Annick Geille est écrivain, critique littéraire et journaliste. Elle rédige une rubrique mensuelle pour le journal Service Littéraire et dirige la Sélection en ligne du Salon littéraire. Elle vient de publier son onzième roman, Rien que la mer, aux éditions La Grande Ourse.

Frédéric Beigbeder. Extrait de : Conversations d’un enfant du siècle


« Entre 1999 et 2014, Beigbeder a rencontré Bernard Frank, Philippe Sollers, Jean-Jacques Schuhl, Guillaume Dustan, Antonio Tabucchi, Umberto Eco, Gabriel Matzneff, Chuck Palahniuk, Catherine Millet, Jay McInerney, Albert Cossery, Françoise Sagan, Simon Liberati, Tom Wolfe, Charles Bukowski, Alain Finkielkraut, Michel Houellebecq, Jean d’Ormesson, Bernard-Henri Lévy, Bret Easton Ellis, Paul Nizon, Francis Scott Fitzgerald (posthume) et James Salter. "Je voulais déchiffrer leur méthode, comprendre les rouages de leur travail, voler leurs secrets de fabrication. C’est fou comme on se sent bien en écoutant les dernières personnes intelligentes sur terre" dit-il. Et pour faire bonne figure, Frédéric Beigbeder s’est inclus dans la liste. » (Extrait d’un article de Jorge S. B. Guerreiro à propos de Conversations d’un enfant du siècle.)
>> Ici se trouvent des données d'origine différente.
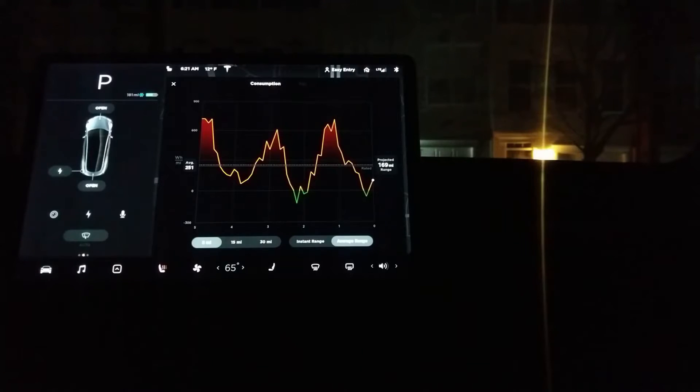Hello, I'm Ben Pearson, the Roadster Tracker, and today we're going to talk a little bit about Teslas and how they manage to deal with really cold weather.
Le nouveau Beigbeder – écrivain, Prix Interallié et Renaudot, cinéaste, éditeur, patron de presse, etc. – nous arrive donc bientôt. En avant-première pour La Sélection des meilleurs livres de la période, voici l’extrait d’un dialogue de Frédéric Beigbeder avec Michel Houellebecq.

Cette interview "du plus grand romancier français vivant" fut réalisée pour le magazine Lui en 2014. Elle semble d’autant plus d’actualité que Houellebecq crevait littéralement l’écran samedi 29 août dernier, sur le plateau de Laurent Ruquier, "On n’est pas couchés".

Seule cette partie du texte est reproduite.